Because of the asymmetrical form of the gate (1) the centre of the gravity of the gate (1) will lay somewhere between the cylindrical wall (2) and the shaft (3). The weight of the gate (1) will cause it to close. Because of the cylinder form of the wall (2), the resultant of the hydrostatic forces will be going through the axis of the gate (1) and by that not cause a couple on the gate (1). The floating counterweight (17) is through disks (25), (26), (22) and (20) and via shaft (23) and cables (27) and (21) joined to the shaft (3) of the gate (1). By adjustment of the coupling between disk (25) and (26), the floating counterweight (17) can be pulled so far out of the water that the gate (1) becomes balanced. When the downstream water level (7) falls, the floating counterweight (17) will open the gate (1) allowing water to flow from upstream level to downstream level. During the opening of the gate (1) the centre of gravity of the gate (1) will move in horizontal direction towards the axis of rotation by which the inbalance of the gate reduces and the floating counterweight opens the gate (1) still further.
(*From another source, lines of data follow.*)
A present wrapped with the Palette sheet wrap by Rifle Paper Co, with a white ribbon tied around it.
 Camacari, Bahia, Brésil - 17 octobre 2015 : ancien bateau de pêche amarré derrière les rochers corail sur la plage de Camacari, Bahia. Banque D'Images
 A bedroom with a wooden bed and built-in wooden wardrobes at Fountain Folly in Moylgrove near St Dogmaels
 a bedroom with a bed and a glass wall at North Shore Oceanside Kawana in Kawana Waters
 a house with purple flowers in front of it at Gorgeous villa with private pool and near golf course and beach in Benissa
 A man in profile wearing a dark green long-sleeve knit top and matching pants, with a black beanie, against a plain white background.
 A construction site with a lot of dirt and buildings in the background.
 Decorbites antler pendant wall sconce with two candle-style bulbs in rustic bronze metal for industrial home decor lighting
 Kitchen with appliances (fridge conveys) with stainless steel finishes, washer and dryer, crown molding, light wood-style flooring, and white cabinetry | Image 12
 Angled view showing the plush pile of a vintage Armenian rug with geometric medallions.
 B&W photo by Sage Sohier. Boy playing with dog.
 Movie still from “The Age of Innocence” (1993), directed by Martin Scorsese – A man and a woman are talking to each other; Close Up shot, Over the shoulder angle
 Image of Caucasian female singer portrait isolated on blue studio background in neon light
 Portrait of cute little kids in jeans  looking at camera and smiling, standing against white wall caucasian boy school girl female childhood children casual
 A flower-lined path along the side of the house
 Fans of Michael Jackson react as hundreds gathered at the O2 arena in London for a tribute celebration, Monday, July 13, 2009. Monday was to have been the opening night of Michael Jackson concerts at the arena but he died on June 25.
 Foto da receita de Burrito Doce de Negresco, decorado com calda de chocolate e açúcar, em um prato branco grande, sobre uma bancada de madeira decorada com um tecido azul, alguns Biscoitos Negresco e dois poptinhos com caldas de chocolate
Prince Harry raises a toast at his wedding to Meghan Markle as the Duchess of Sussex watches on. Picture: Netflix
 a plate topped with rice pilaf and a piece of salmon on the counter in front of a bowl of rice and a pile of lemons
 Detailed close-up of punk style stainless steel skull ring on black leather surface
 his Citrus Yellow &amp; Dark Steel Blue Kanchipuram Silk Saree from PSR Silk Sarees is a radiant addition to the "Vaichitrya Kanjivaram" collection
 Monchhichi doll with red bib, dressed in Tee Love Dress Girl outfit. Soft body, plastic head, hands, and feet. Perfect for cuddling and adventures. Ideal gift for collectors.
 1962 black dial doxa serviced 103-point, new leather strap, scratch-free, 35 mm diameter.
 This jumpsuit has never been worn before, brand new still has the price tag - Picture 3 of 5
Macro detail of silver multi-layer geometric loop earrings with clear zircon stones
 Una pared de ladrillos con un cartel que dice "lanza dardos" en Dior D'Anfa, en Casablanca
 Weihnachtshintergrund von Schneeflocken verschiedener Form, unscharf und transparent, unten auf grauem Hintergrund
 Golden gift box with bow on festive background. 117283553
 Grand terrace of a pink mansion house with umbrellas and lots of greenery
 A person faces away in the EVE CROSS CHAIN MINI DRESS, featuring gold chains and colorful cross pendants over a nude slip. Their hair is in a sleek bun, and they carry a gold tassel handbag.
In this way during a continuing, though small lowering of the water level, the gate (1) will progressively open and adjust itself thus to a new position of balance. The adjustment for the downstream water level (7) takes place by a coupling between disk (25) and (26). The adjustment can take place for example with a (not drawn) worm/wormwheel transmission. The gate adjustment is dependant on the diameter relations of the cable/disks (20), (22) and (25).
In figure 3 a construction is shown in case of the upstream water level (8) is used to determine the opening of the gate (1). The floating counterweight (17) is connected to a strut (35) to which two cable connectors (36) are fixed. On the shaft (23) is a disk (37) which is adjustible connected with disk (26). Between the cable connectors (36) is a cable (38) tightened and fixed around disk (37) and fixed with it slip-free. The flanges (39) serves to lead
the strut (35). The floating counterweight (17) is pushed so. far in the water, that its floating power compensate the inbalance of the gate (1). When the upstream water level (8) rises, the floating counterweight (17) wil open the gate (1). The cable construction as here described can also be achieved with a toothed bar or toothed belt.
In figure 4 a variant is shown. It is possible with this to alter the characteristics of the sluice during operation. The wall (2) is hingeing fixed to the plating (5) with hinge (29). At (30) is an adjustment mechanism with hinge points (31) and (32). Through a movement of the centerline of the cylinder to (33) the resultant of the hydrostatic forces (34) on the gate (1) will co-operate to open the gate. This means that the upstream water level (8) influences the operating of the gate too. During a large water supply, the increased upstream water level (8) will open the gate (1) further. This design makes it possible to maintain a nearly constant water level difference between downstream (7) and upstream water level (8) .
The simple form of the threshold (10) and gate (1) prevents accumulation of dirt and obstructions. It is not necessary to fit grates, through which maintenance reduces, and the reliability increases.